Written by Jeanne Johnson

What is yaoi?    Yaoi is a woman's genre of manga (comic books) and short stories, produced by female artists and writers for the enjoyment of female readers. It's a fantasy form which focuses on the romantic, emotional and above all sexual relationships of guys together.

Huh?    That's right. M/M. Men in Love. Homosexuality, homoeroticism, platonic love. Whatever you want to call it. Two Guys.

So it's gay porn for women?    Nope. It's a female fantasy of what's sexually attractive, not a gay male one. Yaoi embodies the (surprisingly common) female notion that m/m relationships are the stuff of high romance and beauty and true love and angst and impossibly wonderful sex five times an hour. Not surprisingly, yaoi gives real gay men the giggles.

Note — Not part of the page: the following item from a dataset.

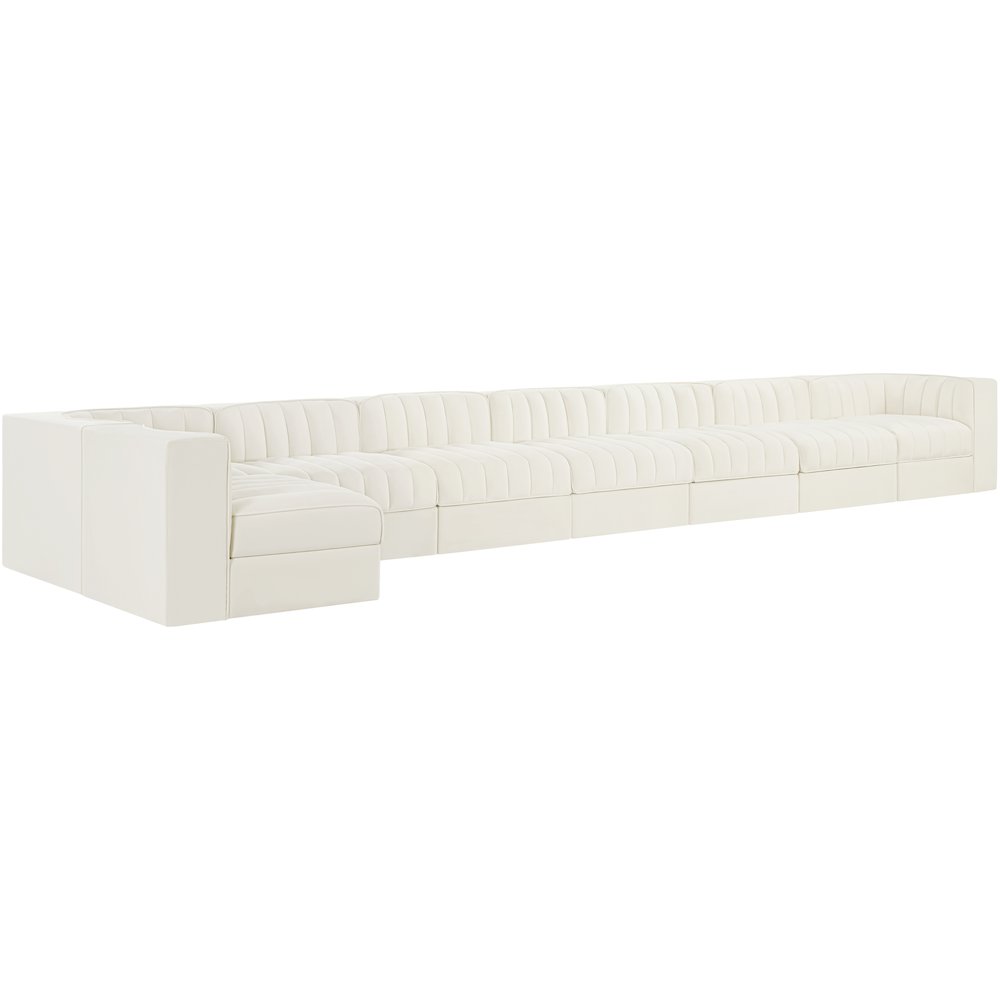 Rummi Cream Velvet Performance Fabric Upholstered 8pc. Modular Sectional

For a start, the first requirement is that all the men be better-looking than any real man can possibly be, like the heroes of Japanese cartoon series (anime.) The relationships are given a highly romantic slant that appeals to a lot of women, but rarely to men. Yaoi emphasizes the emotional side of things as much as the physical, and the stories happen in a very unrealistic version of the real world. Yaoi men tend to have impossible anatomy and very unlikely psychology. Silver hair, purple eyes, and a tendency to self-mutilation as an expression of love are not uncommon.

That doesn't mean yaoi works aren't sexually explicit. Some of them are: very much so, and definitely not for minors. But while the pictures may clearly be intended to represent all the varieties of m/m sex, the crude anatomical details are often glossed over for the sake of aesthetics. A little blurring here, a discreetly bent limb there, and what Monty Python calls 'the naughty bits' fade into the background. A total innocent could read a stack of yaoi comic books and still not have an accurate idea of what a man looks like.

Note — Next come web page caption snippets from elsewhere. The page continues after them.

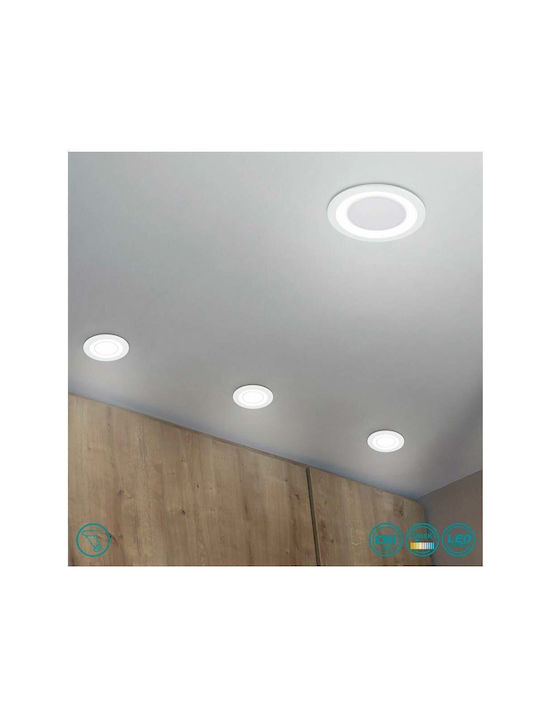 Trio Lighting Πλαστικό Χωνευτό Σποτ με Ενσωματωμένο LED και Θερμό Λευκό Φως Ασημί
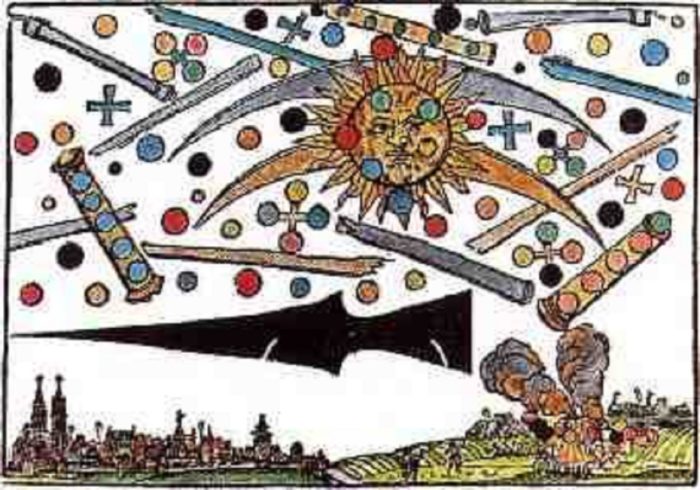 A depiction of the strange objects over Nuremberg in 1561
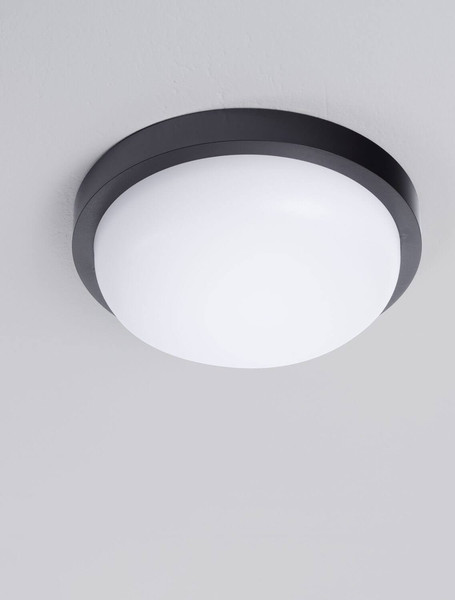 Nova Luce LED Außen-Deckenleuchte Reo 19W warmweiss 3000K IP65 Schwarz Ø23,5cm 9030769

Where'd it come from?    Japan, naturally. Japan has a 1000-year long aesthetic tradition of admiring male beauty. Its samurai warrior society added a theme of strong but unspoken emotional attachments between men. Both these traditions were originally male-focused. But about thirty years ago a group of female comic book artists (manga-ka) began using them to create their own distinctive manga, this time aimed at women readers. This new genre was called 'aestheticism' (tanbi) and focused on all things beautiful, decadent, perverse and erotic. A famous sub-branch was called 'boy's love' (shounen ai), and told stories of willowy young teenagers who nurtured deep but platonic passions for each other which always ended in tragedy.

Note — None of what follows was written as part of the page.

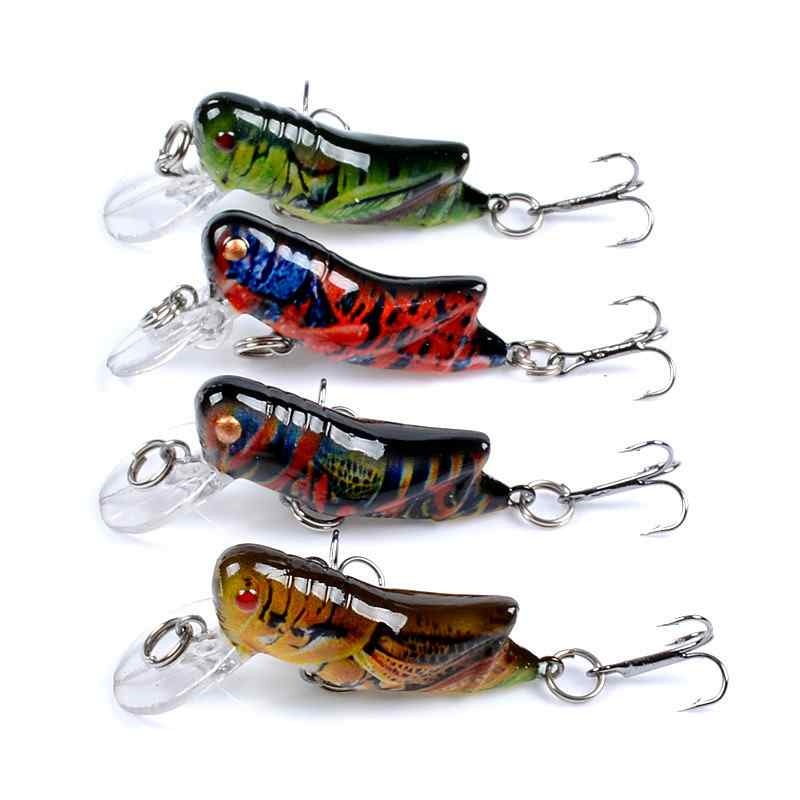 2 pcs 4.5cm 3.4g Grasshopper Bionic Bait Painted Plastic Hard Bait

Boy's love inspired a horde of Japanese female fans to draw their own stories about their own favorite men. These men were usually the heroes of cartoon series aimed at adolescent boys (shounen anime). A series that features soccer players or Formula-1 racers has more good-looking guys and less canonical m/f love interest than series targeted at girls, and thus provides lots of fodder for m/m stories. Take two gorgeous young men- the Gundam Wing pilots or the Weiss boys will do nicely- draw them angsting for each other or rolling in the hay, and there you are. Instant boy's love. This amazingly popular form of fan activity was called yaoi, an acronym from the Japanese for 'no peak, no point, no meaning.' 'All in fun' is the general sense of yaoi.

The Japanese m/m form of manga and anime spread to the west in the 90's, under a variety of names- boy's love, June, yaoi. Yaoi came to be the catch-all phrase westerners use for all m/m stories, whether fandom-based and amateur, or original and professional. But though yaoi covers a huge variety of forms, in the end it comes down to the same thing- two guys together, all in fun.